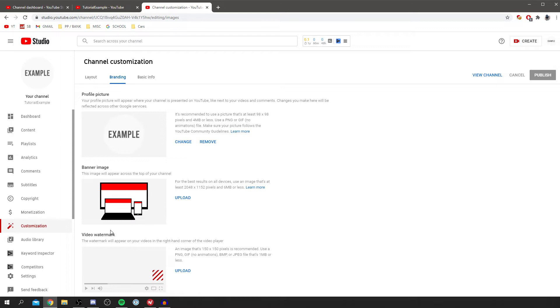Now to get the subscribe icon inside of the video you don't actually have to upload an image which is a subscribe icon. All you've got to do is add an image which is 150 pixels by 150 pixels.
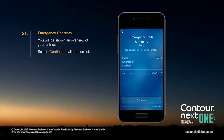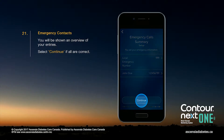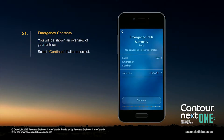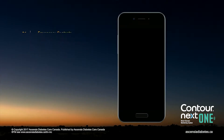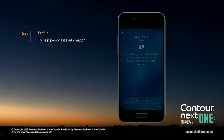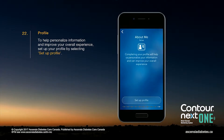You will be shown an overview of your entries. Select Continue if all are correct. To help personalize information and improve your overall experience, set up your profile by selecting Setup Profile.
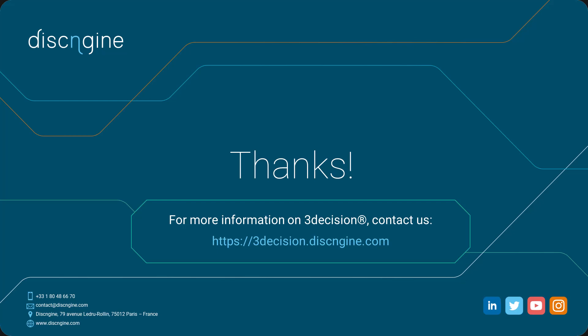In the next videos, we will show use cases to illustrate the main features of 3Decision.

| Try it |
Restate the listing word for word and drop the pictures.

| Solved problem |
Now to get the subscribe icon inside of the video you don't actually have to upload an image which is a subscribe icon. All you've got to do is add an image which is 150 pixels by 150 pixels.
You will be shown an overview of your entries. Select Continue if all are correct. To help personalize information and improve your overall experience, set up your profile by selecting Setup Profile.
In the next videos, we will show use cases to illustrate the main features of 3Decision.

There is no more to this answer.